The task
Extract the lines from the first line of the records below through the line containing "Door And Window", inclusive, and reproduce them exactly as written.

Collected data
——————————

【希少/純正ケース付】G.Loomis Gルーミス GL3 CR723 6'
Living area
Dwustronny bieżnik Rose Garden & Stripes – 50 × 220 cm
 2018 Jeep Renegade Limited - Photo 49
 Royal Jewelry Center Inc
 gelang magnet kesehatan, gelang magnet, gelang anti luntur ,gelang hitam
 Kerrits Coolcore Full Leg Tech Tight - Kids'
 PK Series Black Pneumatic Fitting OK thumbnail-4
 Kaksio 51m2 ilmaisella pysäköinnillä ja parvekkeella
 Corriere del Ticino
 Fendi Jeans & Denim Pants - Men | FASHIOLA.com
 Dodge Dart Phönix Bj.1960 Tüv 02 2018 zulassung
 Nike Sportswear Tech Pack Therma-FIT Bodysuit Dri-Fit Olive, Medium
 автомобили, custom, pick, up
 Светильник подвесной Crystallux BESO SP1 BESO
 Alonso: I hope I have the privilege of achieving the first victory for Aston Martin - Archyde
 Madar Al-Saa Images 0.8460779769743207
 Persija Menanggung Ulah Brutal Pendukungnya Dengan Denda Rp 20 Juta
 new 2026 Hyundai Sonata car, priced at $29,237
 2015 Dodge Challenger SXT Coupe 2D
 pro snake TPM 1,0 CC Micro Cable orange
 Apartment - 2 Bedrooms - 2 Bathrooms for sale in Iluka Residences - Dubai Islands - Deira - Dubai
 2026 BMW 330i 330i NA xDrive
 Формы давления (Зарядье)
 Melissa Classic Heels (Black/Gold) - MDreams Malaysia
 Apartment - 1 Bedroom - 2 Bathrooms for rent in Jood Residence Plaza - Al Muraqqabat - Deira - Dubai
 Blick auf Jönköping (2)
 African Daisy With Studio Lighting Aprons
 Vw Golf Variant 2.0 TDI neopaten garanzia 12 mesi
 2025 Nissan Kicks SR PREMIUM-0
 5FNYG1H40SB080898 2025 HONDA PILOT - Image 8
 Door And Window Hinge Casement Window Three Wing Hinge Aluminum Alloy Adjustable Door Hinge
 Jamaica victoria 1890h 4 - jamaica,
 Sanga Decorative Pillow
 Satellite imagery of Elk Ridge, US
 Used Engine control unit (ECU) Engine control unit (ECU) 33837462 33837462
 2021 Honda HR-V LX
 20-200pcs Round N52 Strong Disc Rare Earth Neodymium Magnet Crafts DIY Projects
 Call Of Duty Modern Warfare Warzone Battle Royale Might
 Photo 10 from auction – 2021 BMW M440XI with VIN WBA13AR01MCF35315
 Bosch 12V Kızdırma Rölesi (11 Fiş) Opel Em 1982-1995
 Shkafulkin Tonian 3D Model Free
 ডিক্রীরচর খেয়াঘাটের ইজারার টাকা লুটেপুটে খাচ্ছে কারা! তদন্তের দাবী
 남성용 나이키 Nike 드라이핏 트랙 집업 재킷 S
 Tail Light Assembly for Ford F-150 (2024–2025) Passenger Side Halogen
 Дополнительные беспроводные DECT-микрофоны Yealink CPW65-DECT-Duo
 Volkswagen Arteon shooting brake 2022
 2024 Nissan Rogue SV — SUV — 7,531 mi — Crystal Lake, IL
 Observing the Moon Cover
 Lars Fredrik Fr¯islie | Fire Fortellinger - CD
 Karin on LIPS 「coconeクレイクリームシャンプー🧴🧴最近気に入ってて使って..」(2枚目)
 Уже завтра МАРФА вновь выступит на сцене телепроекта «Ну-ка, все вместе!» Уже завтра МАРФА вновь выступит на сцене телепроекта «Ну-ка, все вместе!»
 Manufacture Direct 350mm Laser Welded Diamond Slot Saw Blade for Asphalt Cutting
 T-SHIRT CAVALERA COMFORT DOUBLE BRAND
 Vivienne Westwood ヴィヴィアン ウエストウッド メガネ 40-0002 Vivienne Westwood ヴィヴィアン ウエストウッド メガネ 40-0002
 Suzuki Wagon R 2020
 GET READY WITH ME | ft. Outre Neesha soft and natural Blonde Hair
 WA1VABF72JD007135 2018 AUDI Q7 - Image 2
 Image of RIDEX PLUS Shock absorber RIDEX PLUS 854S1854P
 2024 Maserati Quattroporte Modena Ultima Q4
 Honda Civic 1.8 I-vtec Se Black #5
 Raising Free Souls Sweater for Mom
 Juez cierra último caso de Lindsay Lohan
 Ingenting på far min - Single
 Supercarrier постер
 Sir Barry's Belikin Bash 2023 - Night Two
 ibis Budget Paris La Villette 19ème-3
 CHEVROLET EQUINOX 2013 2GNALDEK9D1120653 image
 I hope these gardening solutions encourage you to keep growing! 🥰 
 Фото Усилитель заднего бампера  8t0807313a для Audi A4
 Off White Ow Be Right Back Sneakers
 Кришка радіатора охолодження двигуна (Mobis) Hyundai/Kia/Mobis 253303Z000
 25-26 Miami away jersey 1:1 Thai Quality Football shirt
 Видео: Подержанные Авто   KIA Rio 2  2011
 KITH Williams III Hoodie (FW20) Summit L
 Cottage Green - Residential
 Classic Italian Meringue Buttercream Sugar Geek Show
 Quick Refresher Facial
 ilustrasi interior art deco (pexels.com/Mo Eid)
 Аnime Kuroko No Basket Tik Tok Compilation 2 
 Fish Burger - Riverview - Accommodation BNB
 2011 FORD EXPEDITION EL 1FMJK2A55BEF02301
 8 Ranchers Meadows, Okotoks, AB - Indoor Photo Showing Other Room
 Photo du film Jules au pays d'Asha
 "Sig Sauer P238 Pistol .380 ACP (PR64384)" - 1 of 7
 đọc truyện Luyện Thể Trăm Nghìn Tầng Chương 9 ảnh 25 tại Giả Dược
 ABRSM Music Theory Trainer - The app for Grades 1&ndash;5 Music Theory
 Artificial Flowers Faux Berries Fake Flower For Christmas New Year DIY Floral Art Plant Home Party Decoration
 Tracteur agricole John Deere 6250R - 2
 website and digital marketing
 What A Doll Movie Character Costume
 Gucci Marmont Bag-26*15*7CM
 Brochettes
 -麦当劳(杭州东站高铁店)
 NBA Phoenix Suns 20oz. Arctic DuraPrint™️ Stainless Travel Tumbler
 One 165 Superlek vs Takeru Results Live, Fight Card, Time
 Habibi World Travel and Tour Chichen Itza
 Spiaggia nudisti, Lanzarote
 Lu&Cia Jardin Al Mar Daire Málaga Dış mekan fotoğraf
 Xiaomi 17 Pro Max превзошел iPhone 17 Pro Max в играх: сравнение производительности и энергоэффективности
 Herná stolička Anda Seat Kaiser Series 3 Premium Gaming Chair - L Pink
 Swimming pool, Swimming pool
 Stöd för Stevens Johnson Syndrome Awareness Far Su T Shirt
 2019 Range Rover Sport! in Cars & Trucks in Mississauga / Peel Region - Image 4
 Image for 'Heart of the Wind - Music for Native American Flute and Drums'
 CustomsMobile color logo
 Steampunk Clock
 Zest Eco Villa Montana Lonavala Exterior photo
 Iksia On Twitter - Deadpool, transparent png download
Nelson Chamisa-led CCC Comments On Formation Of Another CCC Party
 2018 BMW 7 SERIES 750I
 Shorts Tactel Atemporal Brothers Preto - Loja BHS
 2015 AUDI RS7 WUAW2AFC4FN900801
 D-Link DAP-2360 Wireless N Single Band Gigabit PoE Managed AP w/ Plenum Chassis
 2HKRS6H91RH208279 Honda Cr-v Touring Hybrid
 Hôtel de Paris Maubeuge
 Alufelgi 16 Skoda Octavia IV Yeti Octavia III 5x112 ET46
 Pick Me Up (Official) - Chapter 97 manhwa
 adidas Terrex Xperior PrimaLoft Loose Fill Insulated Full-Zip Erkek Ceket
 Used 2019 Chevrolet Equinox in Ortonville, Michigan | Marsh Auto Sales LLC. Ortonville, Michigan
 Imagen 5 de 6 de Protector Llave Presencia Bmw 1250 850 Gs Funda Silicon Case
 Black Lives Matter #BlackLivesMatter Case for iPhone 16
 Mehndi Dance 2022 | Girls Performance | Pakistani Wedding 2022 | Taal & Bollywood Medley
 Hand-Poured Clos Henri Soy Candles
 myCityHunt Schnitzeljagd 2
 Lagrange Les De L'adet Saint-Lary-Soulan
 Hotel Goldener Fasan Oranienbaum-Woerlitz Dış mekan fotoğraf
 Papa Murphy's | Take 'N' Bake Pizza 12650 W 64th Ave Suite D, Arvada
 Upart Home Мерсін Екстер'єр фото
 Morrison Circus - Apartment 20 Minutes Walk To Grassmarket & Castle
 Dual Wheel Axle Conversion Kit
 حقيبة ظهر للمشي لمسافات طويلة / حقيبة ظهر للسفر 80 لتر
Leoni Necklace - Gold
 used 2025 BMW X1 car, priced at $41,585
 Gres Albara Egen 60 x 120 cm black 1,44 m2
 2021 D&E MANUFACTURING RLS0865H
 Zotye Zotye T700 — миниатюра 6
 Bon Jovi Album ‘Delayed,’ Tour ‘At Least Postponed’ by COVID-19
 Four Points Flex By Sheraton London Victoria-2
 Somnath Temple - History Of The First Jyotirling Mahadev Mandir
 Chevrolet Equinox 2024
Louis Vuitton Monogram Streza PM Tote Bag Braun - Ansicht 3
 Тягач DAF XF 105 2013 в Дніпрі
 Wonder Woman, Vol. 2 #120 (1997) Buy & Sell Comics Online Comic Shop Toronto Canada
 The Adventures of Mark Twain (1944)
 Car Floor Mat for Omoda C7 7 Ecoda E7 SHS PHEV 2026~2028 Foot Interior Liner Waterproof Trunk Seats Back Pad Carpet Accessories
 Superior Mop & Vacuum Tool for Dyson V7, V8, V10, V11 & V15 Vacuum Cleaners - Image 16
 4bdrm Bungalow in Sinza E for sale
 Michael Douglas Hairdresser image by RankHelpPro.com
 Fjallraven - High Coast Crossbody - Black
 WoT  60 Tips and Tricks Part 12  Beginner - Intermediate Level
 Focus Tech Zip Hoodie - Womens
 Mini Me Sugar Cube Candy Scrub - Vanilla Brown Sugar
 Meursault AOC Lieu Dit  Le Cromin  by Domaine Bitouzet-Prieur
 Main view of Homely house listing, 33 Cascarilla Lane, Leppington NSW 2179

——————————

Written response
【希少/純正ケース付】G.Loomis Gルーミス GL3 CR723 6'
Living area
Dwustronny bieżnik Rose Garden & Stripes – 50 × 220 cm
 2018 Jeep Renegade Limited - Photo 49
 Royal Jewelry Center Inc
 gelang magnet kesehatan, gelang magnet, gelang anti luntur ,gelang hitam
 Kerrits Coolcore Full Leg Tech Tight - Kids'
 PK Series Black Pneumatic Fitting OK thumbnail-4
 Kaksio 51m2 ilmaisella pysäköinnillä ja parvekkeella
 Corriere del Ticino
 Fendi Jeans & Denim Pants - Men | FASHIOLA.com
 Dodge Dart Phönix Bj.1960 Tüv 02 2018 zulassung
 Nike Sportswear Tech Pack Therma-FIT Bodysuit Dri-Fit Olive, Medium
 автомобили, custom, pick, up
 Светильник подвесной Crystallux BESO SP1 BESO
 Alonso: I hope I have the privilege of achieving the first victory for Aston Martin - Archyde
 Madar Al-Saa Images 0.8460779769743207
 Persija Menanggung Ulah Brutal Pendukungnya Dengan Denda Rp 20 Juta
 new 2026 Hyundai Sonata car, priced at $29,237
 2015 Dodge Challenger SXT Coupe 2D
 pro snake TPM 1,0 CC Micro Cable orange
 Apartment - 2 Bedrooms - 2 Bathrooms for sale in Iluka Residences - Dubai Islands - Deira - Dubai
 2026 BMW 330i 330i NA xDrive
 Формы давления (Зарядье)
 Melissa Classic Heels (Black/Gold) - MDreams Malaysia
 Apartment - 1 Bedroom - 2 Bathrooms for rent in Jood Residence Plaza - Al Muraqqabat - Deira - Dubai
 Blick auf Jönköping (2)
 African Daisy With Studio Lighting Aprons
 Vw Golf Variant 2.0 TDI neopaten garanzia 12 mesi
 2025 Nissan Kicks SR PREMIUM-0
 5FNYG1H40SB080898 2025 HONDA PILOT - Image 8
 Door And Window Hinge Casement Window Three Wing Hinge Aluminum Alloy Adjustable Door Hinge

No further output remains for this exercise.